ANOTHER concerning factor is developing in the alpine region.
Recently I have done two trips into the alpine environment, one on Thursday, May 9, from Licola to Aberfeldy and on Friday, May 10 into the Alpine National Park.
On both of these trips I noted with concern the quantity of water in sub-alpine springs and creeks was seriously tapering off, even though we had about 70mm of rain in February.
There is now such a thick blanket of regrowth competing for moisture that the rain is not soaking into the subsoil to feed the springs.
This is a well documented occurrence after a fire (Abbott et al 1993).
The concerning thing with the environment we now have developing, I think it is far worse than anything confronted before, like after 1939.

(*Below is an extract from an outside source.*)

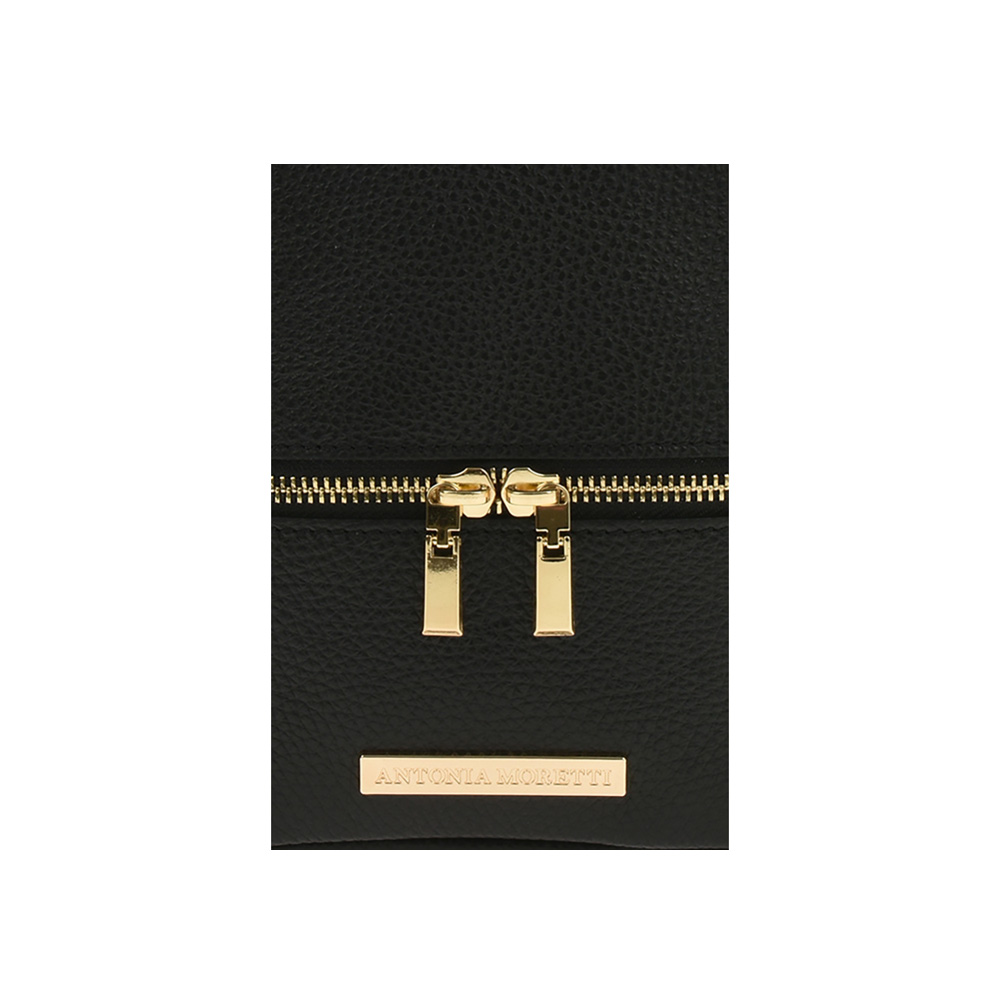 Rucsac dama din piele naturala Antonia Moretti AM0874, Negru, #4, Bagsy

From my observations, the recent fires from 1998 onwards have been far hotter, cracking rocks.
There is little evidence has happened previously.
Ancient trees, possibly more than a thousand years old, have been killed.
The serious problems now looming is that the subsoil that was producing copious quantities of moisture in the mountains during summer when the fires were on, is now drying out in late autumn, even after some rain.
The prospects for the fire risks next summer, even if we get average winter rainfall, is looking more frightening as each month goes by.
We had seven days of marvellous cool burning weather, from May 6 to 12.
If we’d had the late Brian Sharp active, or someone else as competent, they could have safely flown around in a chopper burning out large tracts of land, considerably reducing the serious risks confronting us, the environment and water supplies.
The more I look at the Wellington camp sights in the Alpine National Park, the more frightening they become.
Any fire getting away from a camp site would nearly have to be contained in the first few minutes.
This environment is now intolerably dangerous during the summer fire danger period.
Any fire along the Wellington would likely be unfightable, possibly even too dangerous to go near.